:: SUPPLIED MATERIAL ::
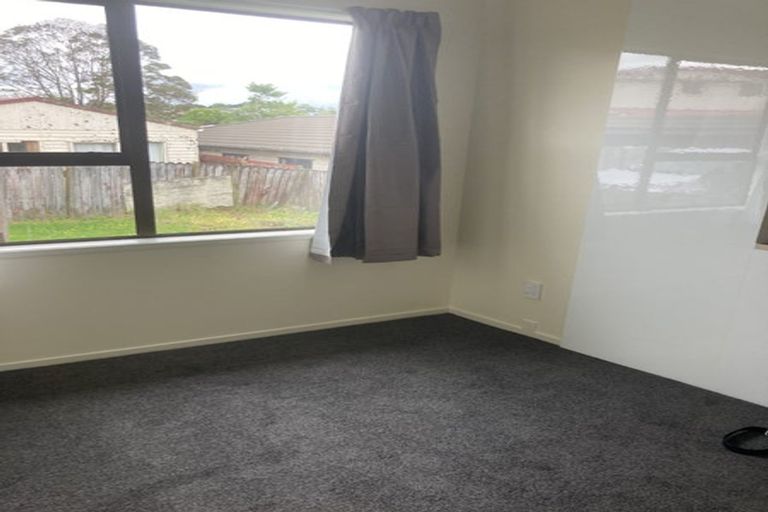 Photo of property in 67 Sunvue Road, Glen Eden, Auckland, 0602
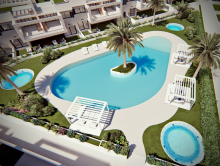 Spectacular Apartment with a Private Solarium and Shared Pool in Torrevieja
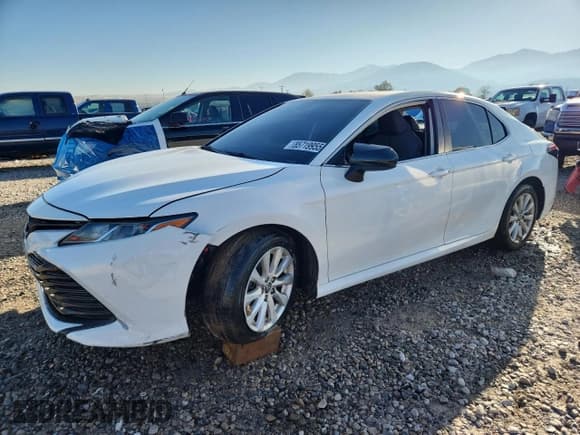 ✅ 2020 Toyota Camry LE • VIN: 4T1C11AK6LU333635 • Lot: 85719955. Wystawiony na Copart z przebiegiem 115 506 mil. Bezpłatny archiwum sprzedaży aukcyjnych z USA i szczegółowy raport historii pojazdu na DreamBid. Zdjęcie 1.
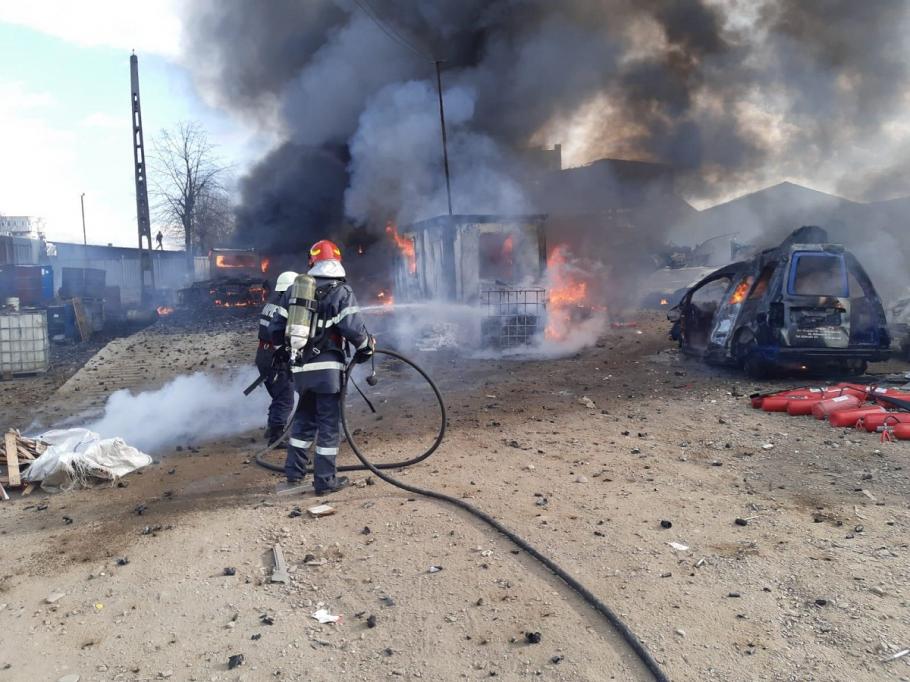 Un incendiu violent a produs pagube semnificative în Prahova Incendiul a fost stins cu dificultate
:::
Omit the pictures, then output the rest of the listing exactly.

 Photo of property in 67 Sunvue Road, Glen Eden, Auckland, 0602
 Spectacular Apartment with a Private Solarium and Shared Pool in Torrevieja
 ✅ 2020 Toyota Camry LE • VIN: 4T1C11AK6LU333635 • Lot: 85719955. Wystawiony na Copart z przebiegiem 115 506 mil. Bezpłatny archiwum sprzedaży aukcyjnych z USA i szczegółowy raport historii pojazdu na DreamBid. Zdjęcie 1.
 Un incendiu violent a produs pagube semnificative în Prahova Incendiul a fost stins cu dificultate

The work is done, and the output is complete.